Learn To Speak The King's English, Ya Limeys!



Well, in case you ever do wonder, here's the answer for you:

In 1776, whether you were declaring America independent from the crown or swearing your loyalty to King George III, your pronunciation would have been much the same. At that time, American and British accents hadn't yet diverged. What's surprising, though, is that Hollywood costume dramas get it all wrong: The Patriots and the Redcoats spoke with accents that were much closer to the contemporary American accent than to the Queen's English. 
It is the standard British accent that has drastically changed in the past two centuries, while the typical American accent has changed only subtly.

As a Pittsburgh native, I would like to point out that one of our sacred linguistic duties - along with the eliminating the use of the verb "to be"[1] in order to maintain the strategic US Verb Stockpile - is to combat the insidious danger of non-rhotic speech whenever possible.

Those seemingly gratuitous "r" sounds you hear from us when we talk about "warshing up", or tell you that something is "old fasherned"? Yep - that's the noble citizens of da 'burgh, protecting yinz fellers from that there non-rhotic English n'at.

Thankfully, we do not have to stand alone in this task.  Our brethren in the Auld Country are also doing their part to fight the scourge of non-rhotic speech:

The lofty manner of speech developed by these specialists gradually became standardized — it is officially called "Received Pronunciation" — and it spread across Britain.

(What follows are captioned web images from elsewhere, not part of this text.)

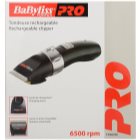 BaByliss PRO Clippers Forfex FX660SE strojček na vlasy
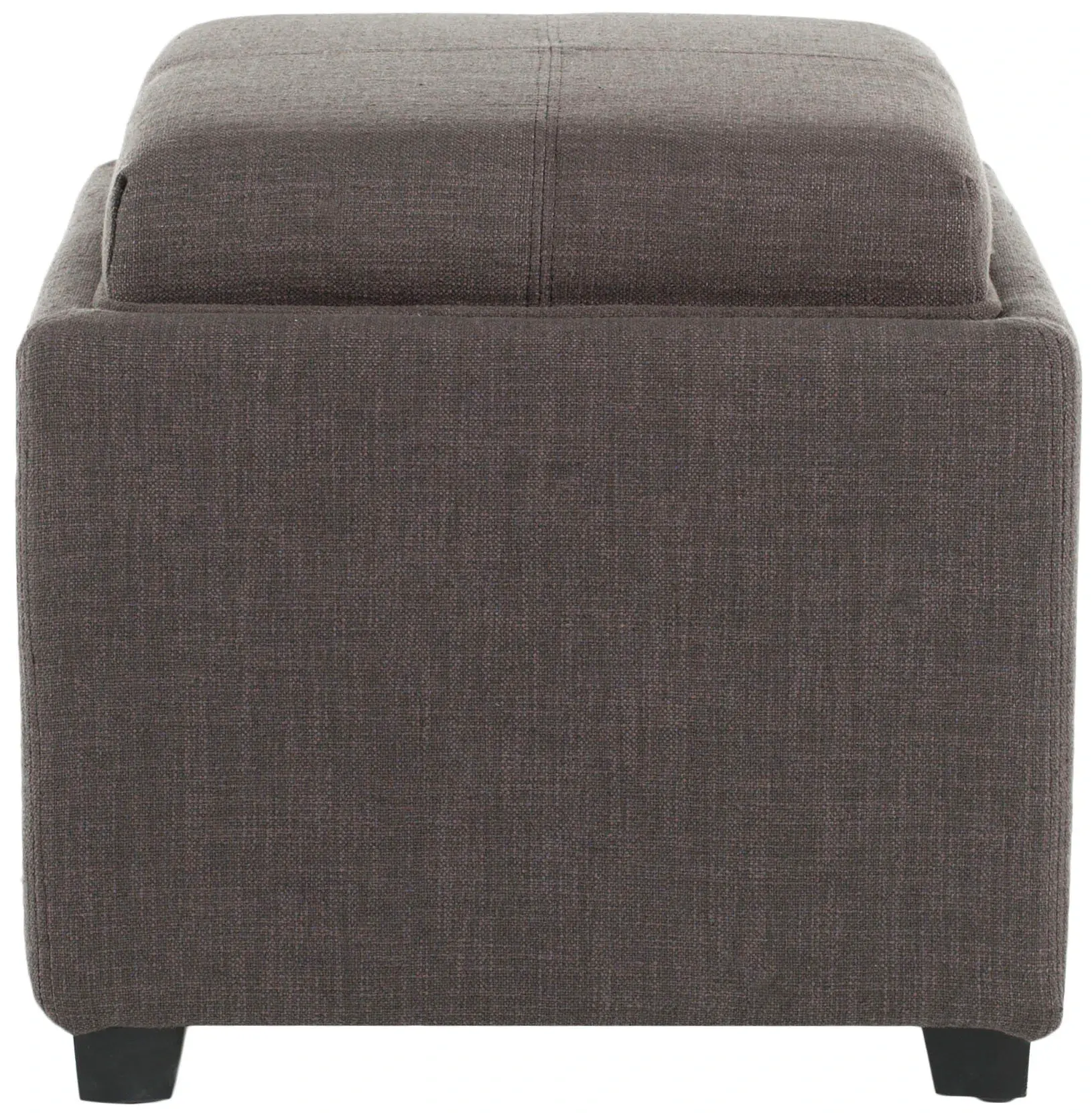 Harrison Single Tray Ottoman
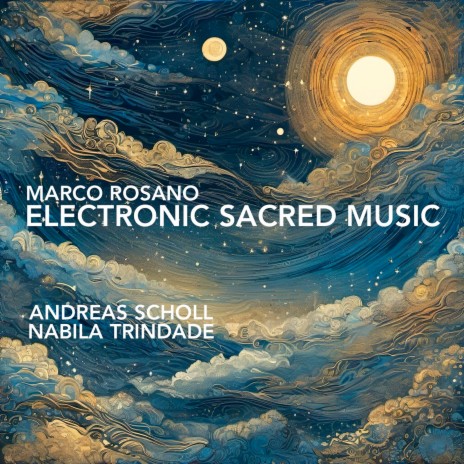 Virgo Virginum (Electronic Version) ft. Andreas Scholl | Boomplay Music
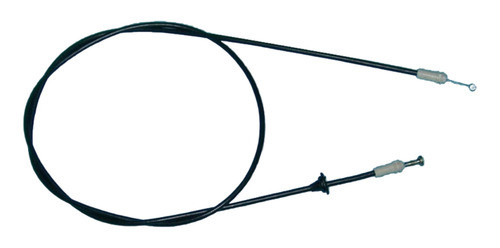 Cable Apertura De Capot Ford Ecosport Fiesta 2003 - 2012 0
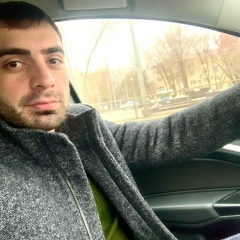 Аслан Дакашев, 24.07, Самара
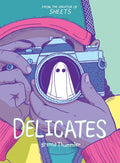 Delicates (Sheets #2)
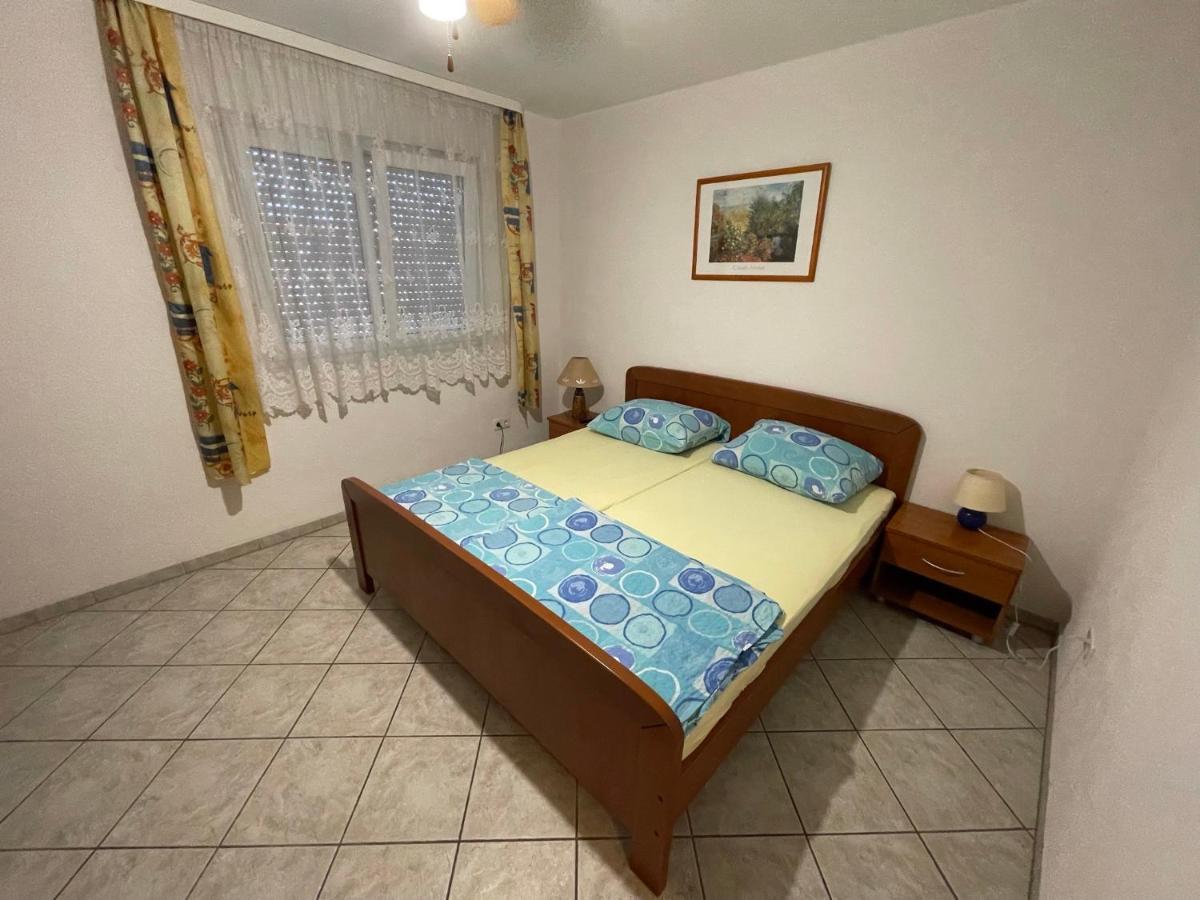 Apartements Delfin Vir Kültér fotó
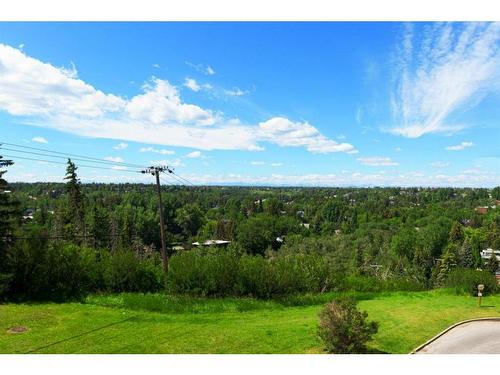 408-3339 Rideau Place Sw, Calgary, AB - Outdoor With View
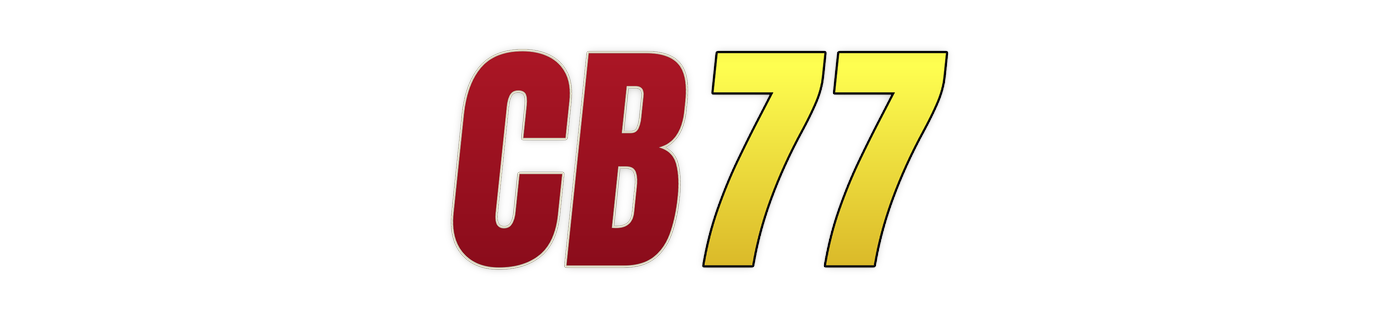 cb77 Logo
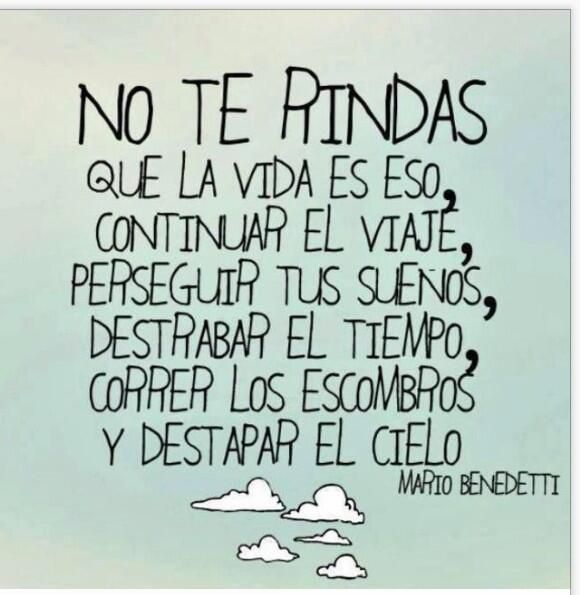 Frases de motivacion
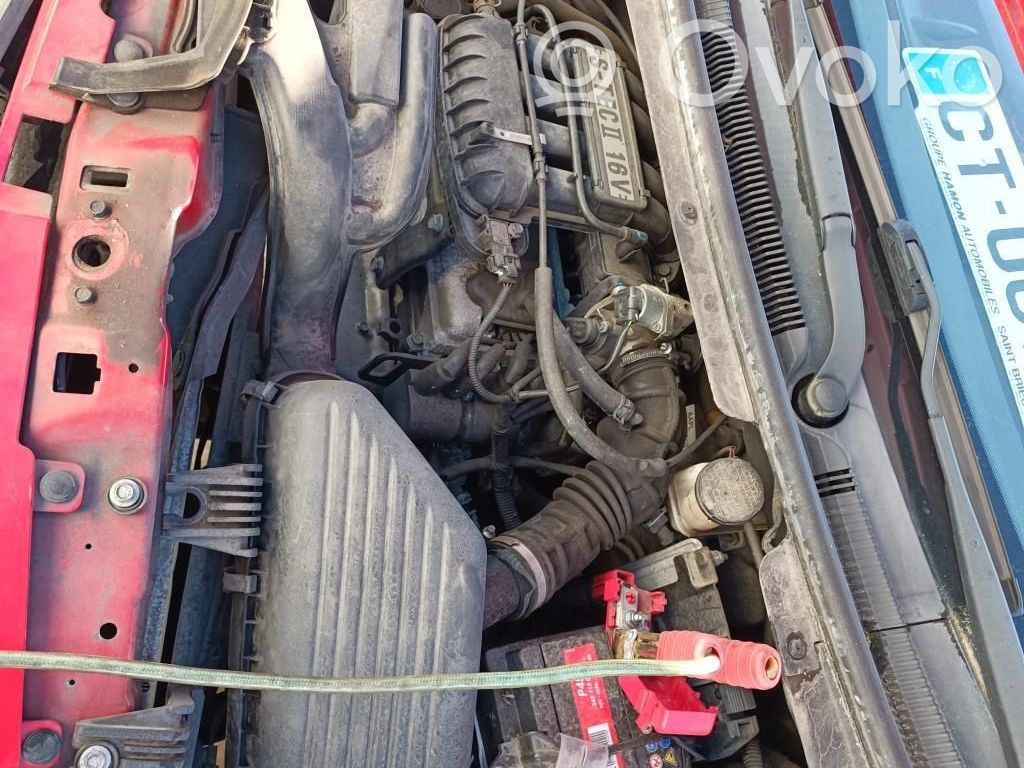 Motor de arranque   25187951,027010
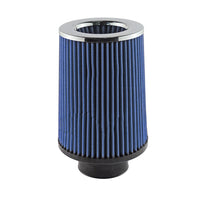 M7 Speed R55-R61 MINI Cooper Replacement BLUE Pleated Cotton Air Filter Element, MAXX-FLO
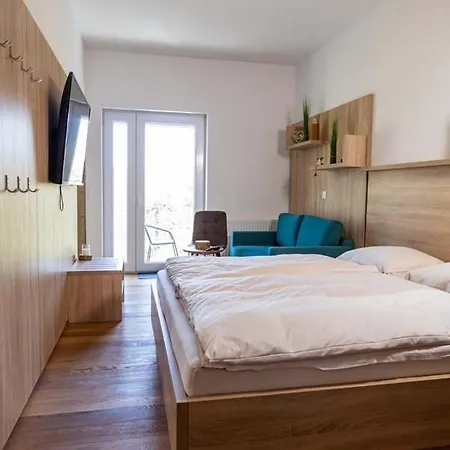 Aparthotel Luxury Monte Carlo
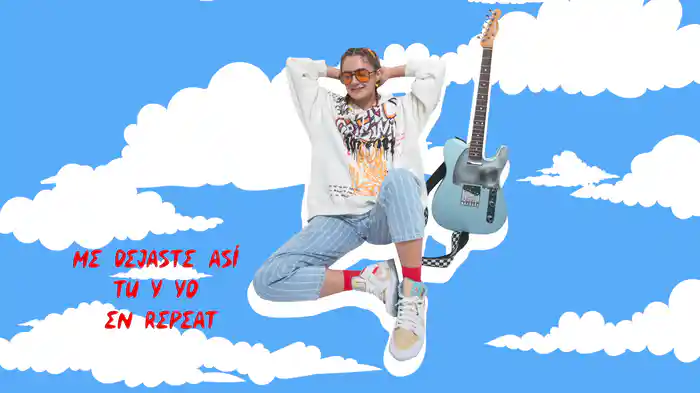 Playlist (Lyric Video)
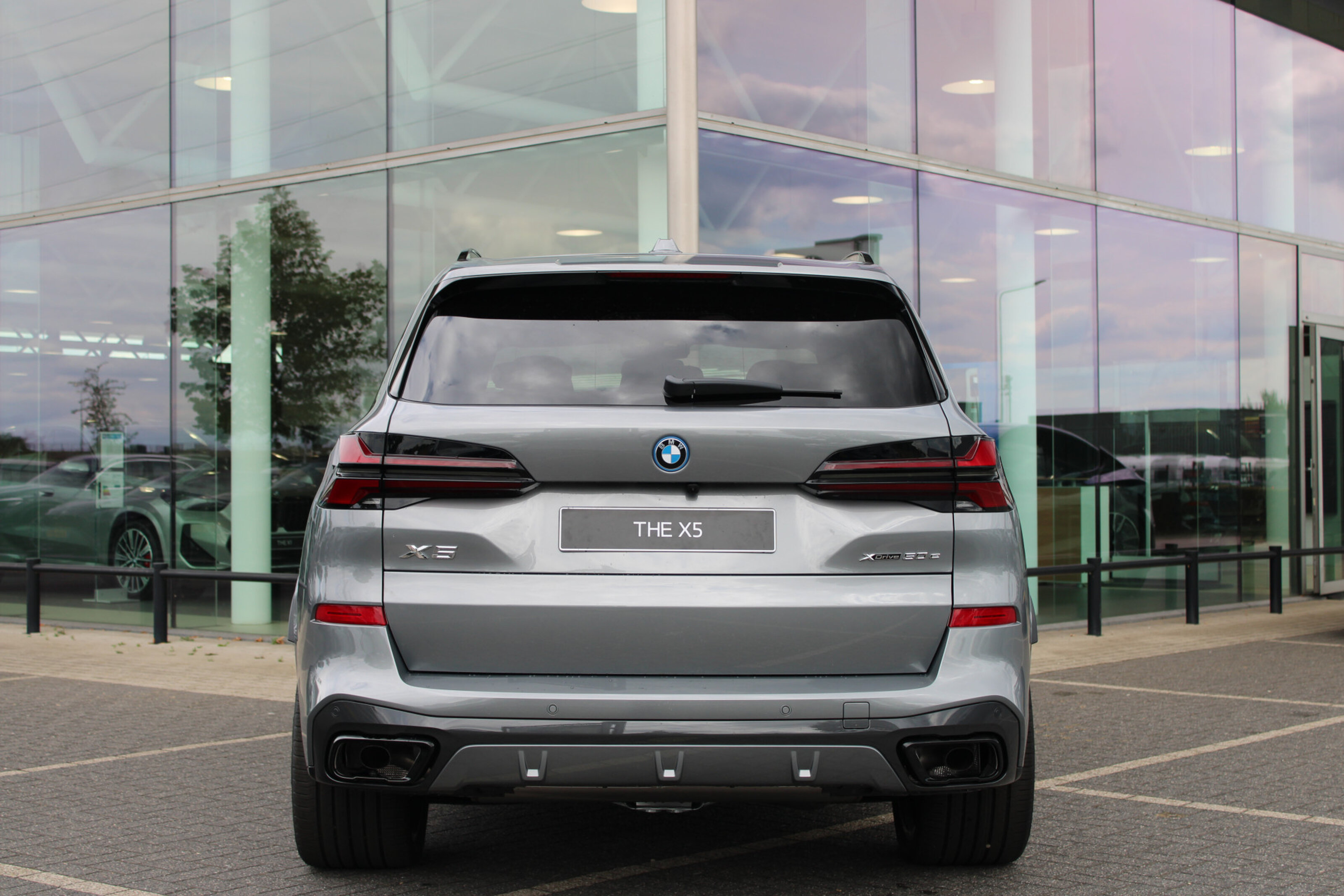 BMW X5 9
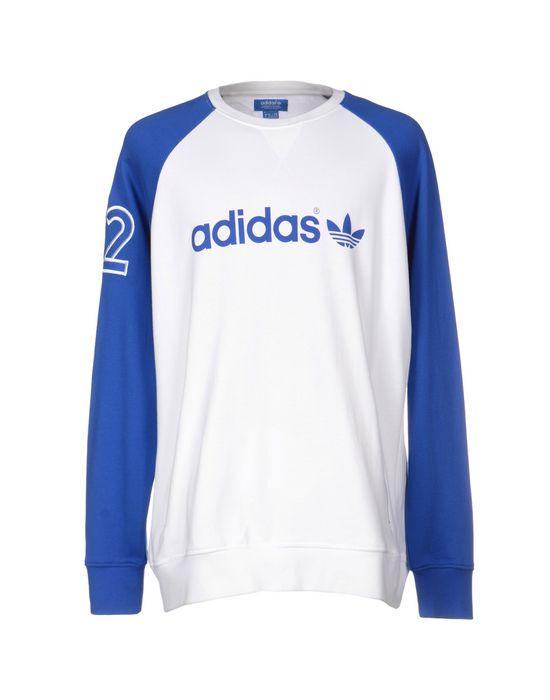 Толстовка ADIDAS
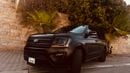 Ford Expedition PLATINUM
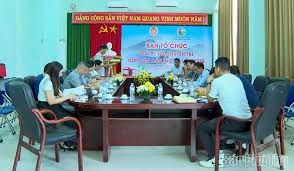 Báo Phú Thọ - News update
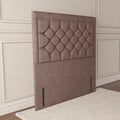 Panama Floor Standing Headboard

However, people in the north of England, Scotland and Ireland have largely maintained their traditional rhotic accents.

[1] Thusly: while the majority of the country would squander precious verbs, saying things like "the porch needs to be painted", your noble Pittsburgh brethren would simply point out that "the porch needs painted".  This allows the US to stockpile these verbs so that the State Department always has a large quantity available for writing strongly-worded, yet oddly ineffective, diplomatic notes.